- [Your instructions]: Please output exactly the part of the records below that opens with the line containing "CHỐT KÈO TRỰC" and closes with the line containing "数据分析，观致5SUV市场前景几何", both lines included, and nothing else.

Records from a data collection
┄┄┄┄┄┄┄┄┄┄

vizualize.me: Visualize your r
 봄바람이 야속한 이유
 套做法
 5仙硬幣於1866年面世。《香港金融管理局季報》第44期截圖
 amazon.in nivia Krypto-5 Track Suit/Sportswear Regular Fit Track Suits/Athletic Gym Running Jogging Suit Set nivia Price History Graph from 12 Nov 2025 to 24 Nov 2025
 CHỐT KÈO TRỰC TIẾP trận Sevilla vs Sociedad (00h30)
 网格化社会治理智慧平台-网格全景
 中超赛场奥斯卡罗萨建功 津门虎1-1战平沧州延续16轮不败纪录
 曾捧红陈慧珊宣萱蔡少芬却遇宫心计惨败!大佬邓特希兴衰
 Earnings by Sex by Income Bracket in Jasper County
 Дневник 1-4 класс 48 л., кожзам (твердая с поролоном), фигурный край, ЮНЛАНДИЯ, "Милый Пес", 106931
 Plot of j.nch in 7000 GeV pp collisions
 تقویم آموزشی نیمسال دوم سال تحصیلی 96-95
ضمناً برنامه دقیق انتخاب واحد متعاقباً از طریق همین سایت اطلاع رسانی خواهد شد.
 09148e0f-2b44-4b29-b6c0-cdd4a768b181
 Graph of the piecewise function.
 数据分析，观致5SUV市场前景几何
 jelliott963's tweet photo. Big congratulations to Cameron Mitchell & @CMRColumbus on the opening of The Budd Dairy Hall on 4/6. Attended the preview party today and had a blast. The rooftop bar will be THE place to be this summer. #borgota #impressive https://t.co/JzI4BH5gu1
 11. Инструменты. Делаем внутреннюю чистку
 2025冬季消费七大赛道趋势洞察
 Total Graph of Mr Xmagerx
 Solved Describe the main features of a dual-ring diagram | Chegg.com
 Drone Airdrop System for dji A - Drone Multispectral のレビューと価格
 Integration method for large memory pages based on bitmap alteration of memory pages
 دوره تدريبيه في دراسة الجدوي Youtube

┄┄┄┄┄┄┄┄┄┄

- [Solution]:
 CHỐT KÈO TRỰC TIẾP trận Sevilla vs Sociedad (00h30)
 网格化社会治理智慧平台-网格全景
 中超赛场奥斯卡罗萨建功 津门虎1-1战平沧州延续16轮不败纪录
 曾捧红陈慧珊宣萱蔡少芬却遇宫心计惨败!大佬邓特希兴衰
 Earnings by Sex by Income Bracket in Jasper County
 Дневник 1-4 класс 48 л., кожзам (твердая с поролоном), фигурный край, ЮНЛАНДИЯ, "Милый Пес", 106931
 Plot of j.nch in 7000 GeV pp collisions
 تقویم آموزشی نیمسال دوم سال تحصیلی 96-95
ضمناً برنامه دقیق انتخاب واحد متعاقباً از طریق همین سایت اطلاع رسانی خواهد شد.
 09148e0f-2b44-4b29-b6c0-cdd4a768b181
 Graph of the piecewise function.
 数据分析，观致5SUV市场前景几何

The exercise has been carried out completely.